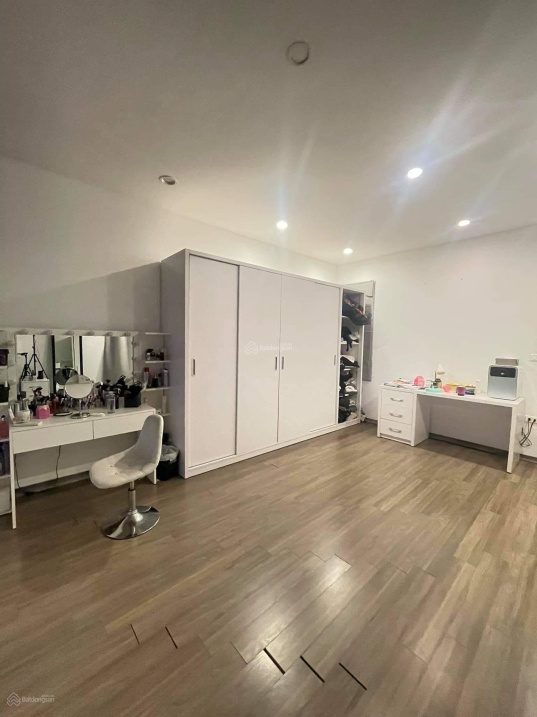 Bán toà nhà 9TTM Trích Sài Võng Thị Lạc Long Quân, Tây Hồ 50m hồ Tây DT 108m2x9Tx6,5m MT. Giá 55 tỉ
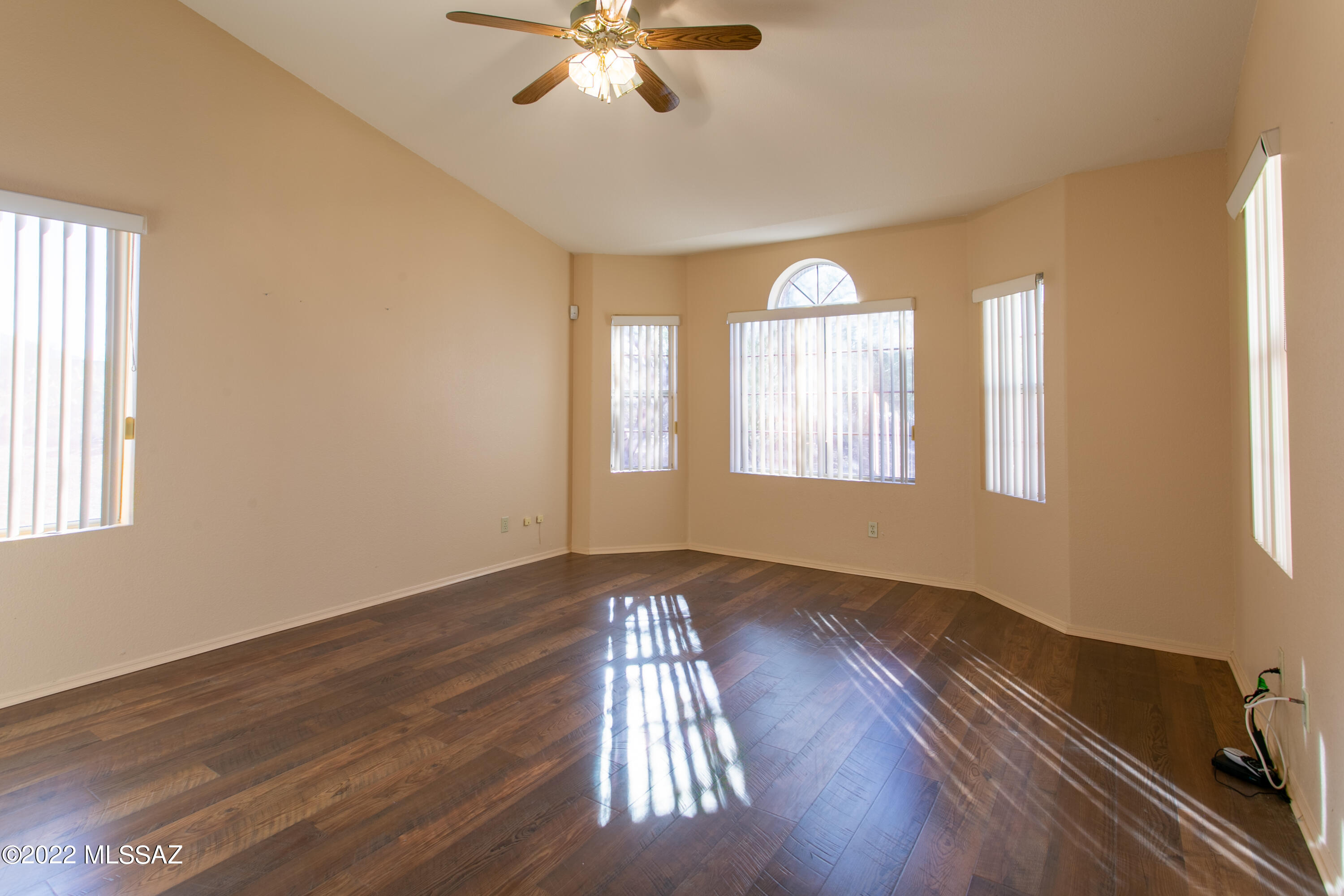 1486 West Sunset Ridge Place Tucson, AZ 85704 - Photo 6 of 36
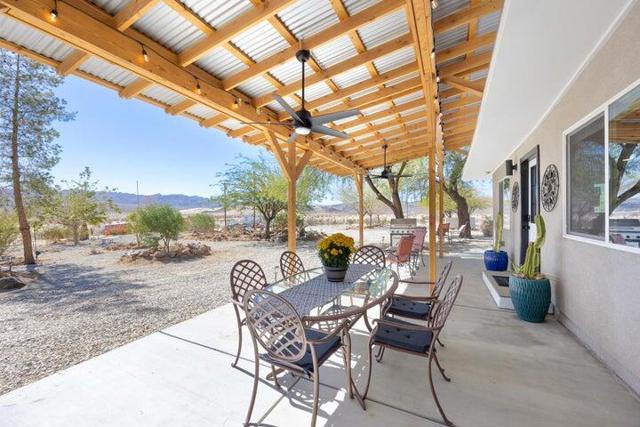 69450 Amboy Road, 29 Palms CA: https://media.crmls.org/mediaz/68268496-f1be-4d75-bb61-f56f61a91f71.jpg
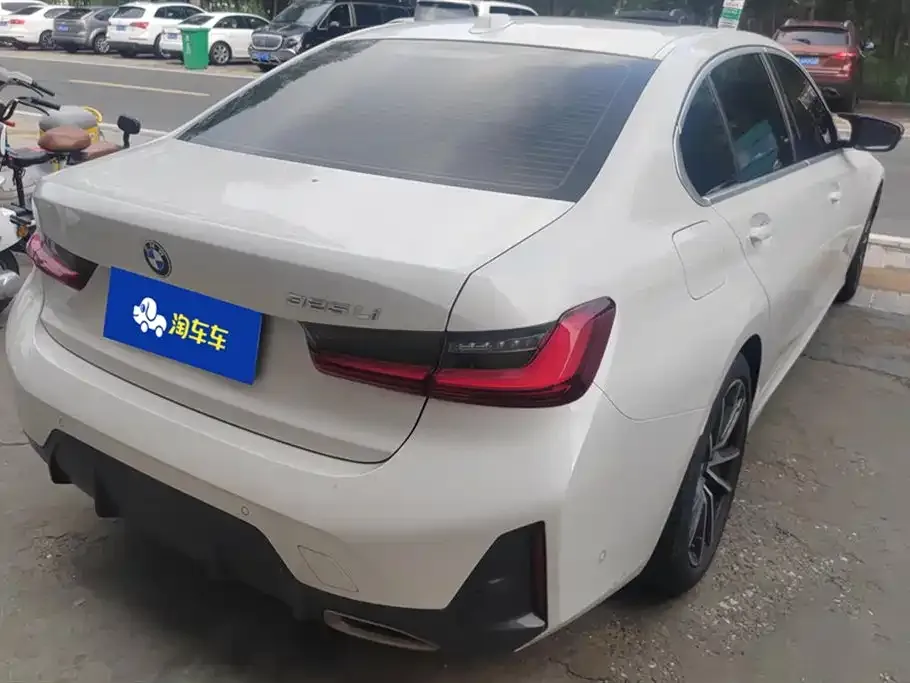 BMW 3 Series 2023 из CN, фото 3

■ ■ ■ ■

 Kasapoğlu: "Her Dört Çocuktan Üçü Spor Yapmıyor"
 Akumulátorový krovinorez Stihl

■ ■ ■ ■

## [Task to complete]
Print again the lines of the entries above that fall between the line holding "Dört Çocuktan Üçü" and the line holding "Akumulátorový krovinorez Stihl", inclusive, exactly as they stand.

## [Answer for this exercise]
 Kasapoğlu: "Her Dört Çocuktan Üçü Spor Yapmıyor"
 Akumulátorový krovinorez Stihl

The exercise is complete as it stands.